In a curious ritual, adolescents with don't-mess-with-me attitudes voluntarily approach their principal, smile and repeat the Hanshaw slogan - ``I'm being my personal best'' - for which they receive a yellow pencil. Vidal is an ardent believer that academic success starts with the way these kids see themselves.

``Our school mascot is the Titan - an all-powerful person known for greatness of achievement,'' he says. ``We're trying to tell these kids that they all have sleeping Titans within them, and it is our job to wake them up.''

``We are the only dependable routine in these children's lives,'' he explains. ``They have no adults who are motivating them, and it is our job to give them the hope and a sense of purpose which promote success and personal achievement. This particular school is often the best thing in these kids' lives. I have to counsel some of them before they will get on the buses to go home on Fridays.''

For the students here, school has become much more than an obligation; it's a haven. Adriana refers to her school as a ``fairy-tale land.''

``On the streets you're respected because you are big and bad, but school is our own world,'' she says. ``It's like we can be kids and they respect us. Everyone is so sweet and nice that it makes you feel good.''

Before Vidal opened the school in 1991, he interviewed hundreds of drop-outs to find out why they had left school. He discovered that there was a huge gap between what schools generally evaluate as important for students and what was specifically relevant to these children.

``The kids I spoke to could not understand how what they were learning applied to their lives on a daily basis,'' he says. ``It did not make sense to stay in school.''

Hoping to keep them in school, Vidal decided that the priority was to build an environment that took into account the needs of these street-smart kids from turbulent families and gang-plagued neighborhoods by creating a school that offered them the sense of community they were searching for.

The students are strictly forbidden to dress all in one color or wear paraphernalia that imply gang membership, such as red or blue shoelaces. Even sports-team shirts or baseball caps are forbidden.
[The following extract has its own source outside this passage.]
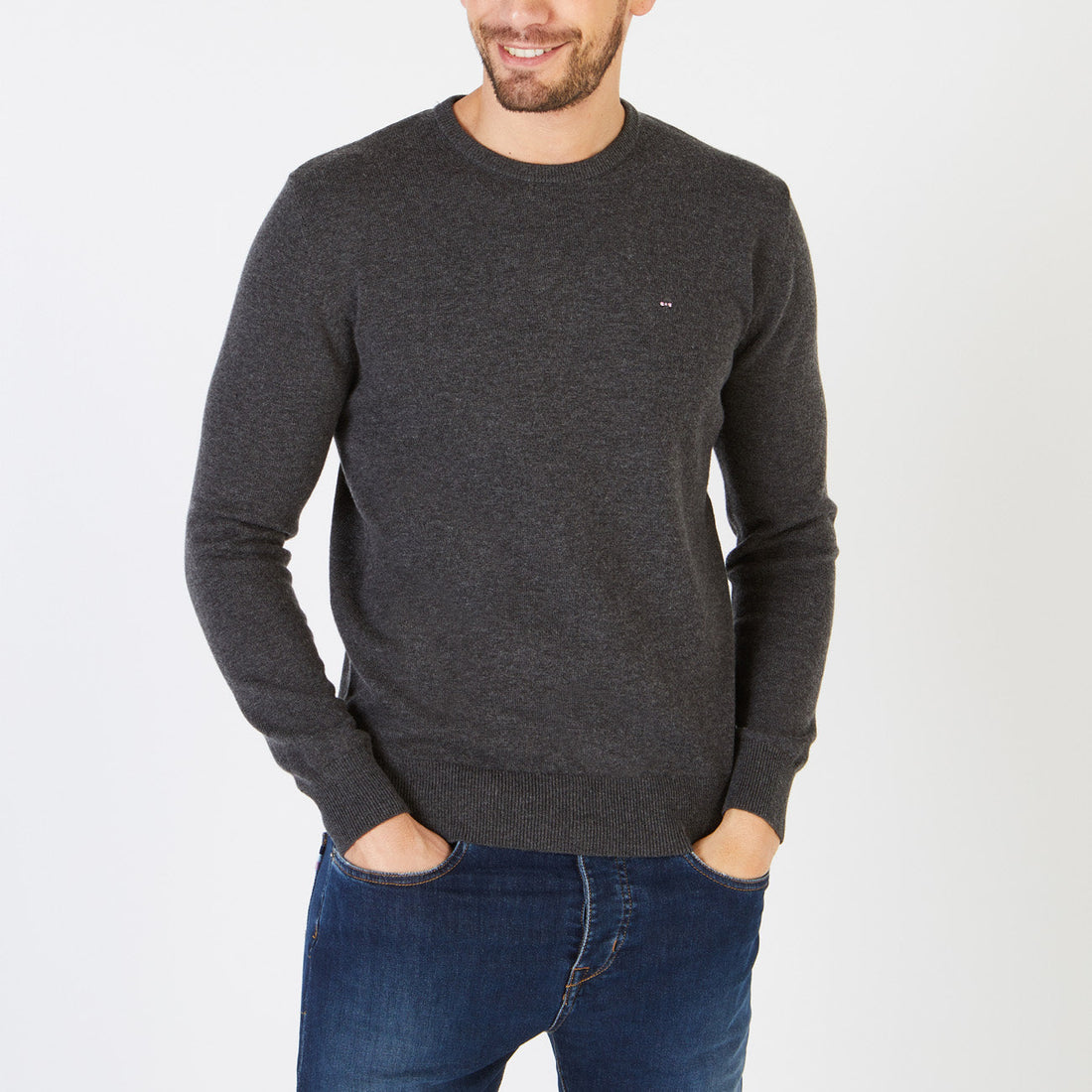 Dark Gray Plain Knit Sweater Eden Park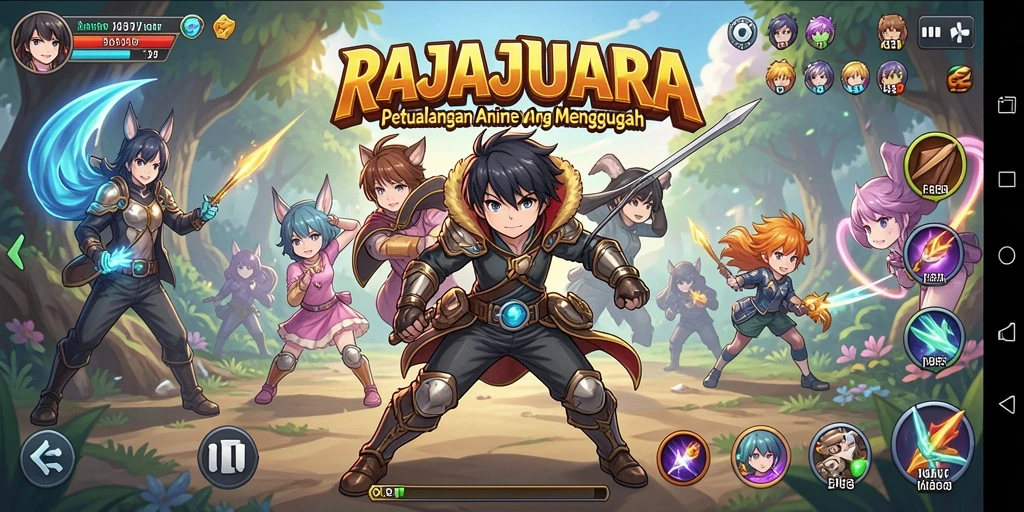 Tampilan gameplay menakjubkan dari RAJAJUARA dengan karakter Anime yang menarik.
But colors, handshakes, and slogans - all of which are used by gangs to symbolize membership and ``belonging'' on the streets - are adopted by the students for one purpose: their school and their future college education. The youths are praised and rewarded for wearing burgundy, the school color, and T-shirts with college emblems. They have their own handshake, which is supposed to represent receiving their future diplomas.

Hanshaw Middle School tries to get them to start imagining what it would be like to go to college, not by telling them how important it is, but by making them feel as if they are already there. The students are divided into seven ``neighborhoods,'' each named after one of California's state universities. The highlight of the students' year is a trip to ``their'' college, where they meet students with similar backgrounds who have stayed in school and made it to college.
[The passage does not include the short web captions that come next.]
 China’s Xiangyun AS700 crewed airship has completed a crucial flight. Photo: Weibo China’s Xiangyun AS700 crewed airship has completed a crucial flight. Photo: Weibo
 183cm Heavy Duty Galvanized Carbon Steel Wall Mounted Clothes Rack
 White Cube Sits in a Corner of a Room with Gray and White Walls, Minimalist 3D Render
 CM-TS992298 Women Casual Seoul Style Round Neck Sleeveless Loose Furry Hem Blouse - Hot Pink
``Only 3 percent of California state graduates are Hispanic. Most [of our Hispanic students] have never seen a university. You have to at least show them one, and make them feel like they can be part of one if you ever want them to get there,'' Principal Vidal says.
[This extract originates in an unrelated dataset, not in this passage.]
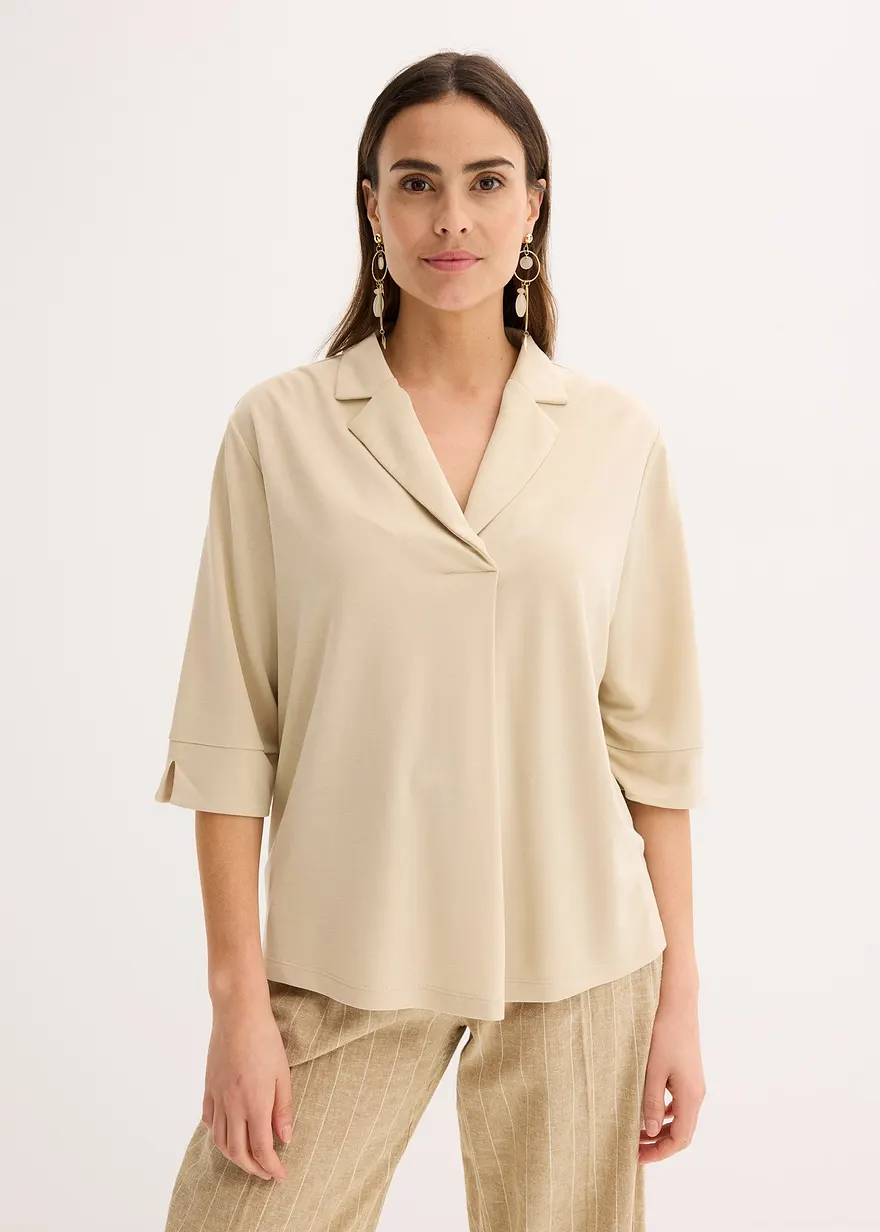 Tunika-Shirt aus fließendem Viskose-Piqué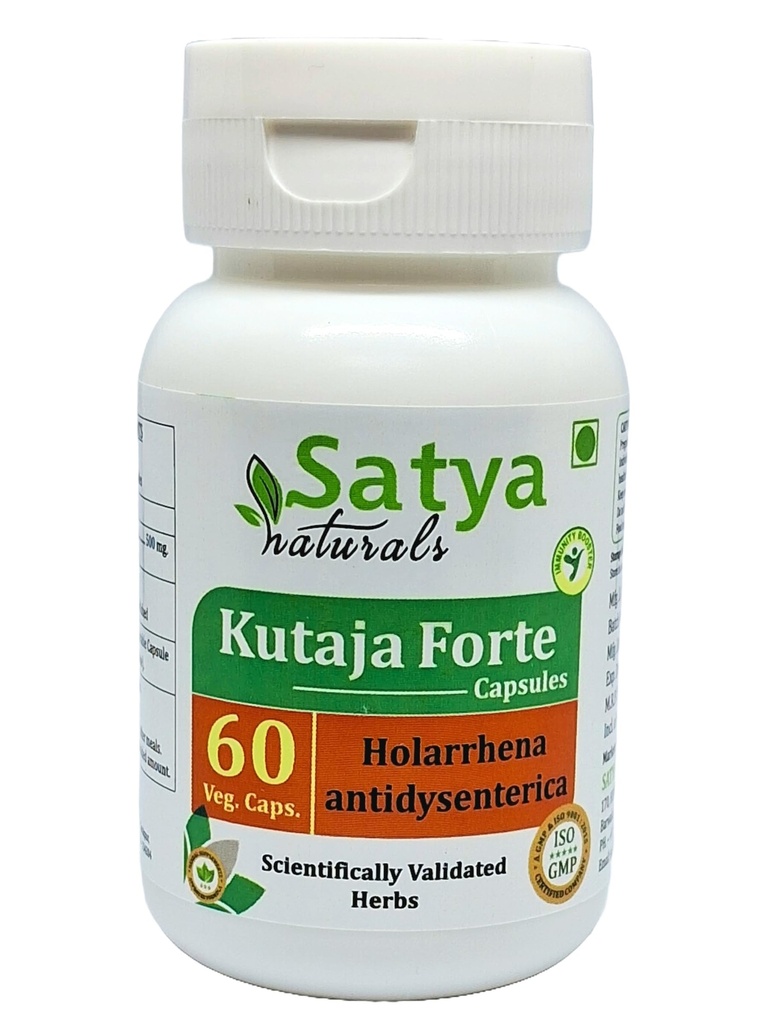 Kutaja Forte Kapsle 500 mg. 60 Veg. Kapsle 124; Kutaja (Holarrhena Antidysenterica) Extract Kapsle pro muže a ženy 124; Ayurvedic Herbal Supplement / Remedies IR 124; 10: 1 Forte (1 lahvička 60 Kapsle)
``Most of the parents of these children have never completed high school, and often the only books in their home are the Bible and Playboy [magazine],'' says Barbara Hickman, the science and math teacher for the ``Sonoma University'' group of students. ``And yet after one year, these kids are scoring above grade level in math and science because of the encouragement they are given and the way they are taught. The idea is to wrap what is found in textbooks around a classroom experience, something that relates to their own lives. We talk about questions such as authority and identity and then find the science, history, and English to teach it,'' Ms. Hickman says.

VIDAL and the other adults at Hanshaw call themselves ``community leaders,'' not teachers. Students are referred to as ``citizens.'' Vidal has hand-picked ``community leaders'' whom students can ``borrow character from.''

Jeff Albritton's history and English class of seventh graders has been doing projects on watershed decisions in history and is discussing how to make decisions in their own lives.

``If your parents get divorced, how do you choose which one to live with?'' Mr. Albritton asks. A shy girl answers, ``I don't know.'' Adriana says from across the classroom, ``You have to choose or else you'll end up in a foster home. Choose the one you have a better relationship with,'' she tells the girl.

``No, choose your father; he has to pay for you so you might as well live with him anyway,'' advises another student.

Albritton says that ``70 percent of these children come from single-parent families. The key is to trick these kids into learning by empowering them to learn in a way that brings in relevant issues in their lives and gets them socially active.''

Hanshaw has set up ``university clubs'' in various high schools so that former students can keep in touch with each other and their teachers. But Vidal knows that the real test for these children will come later.

``School is not neutral with regard to success,'' he says. ``Children from this kind of social background must be told by someone, at some point, what they are capable of doing, to get them curious about life. We have had over 50 school districts coming to look at our school. What worries me is that so many find this revolutionary. It seems like common sense. But few schools are doing it,'' Vidal says.

Adriana says she wants to go to college, but her fragile confidence relies on the personal dedication of her teachers and the nurturing environment they have succeeded in creating - conditions that are not easily sustained.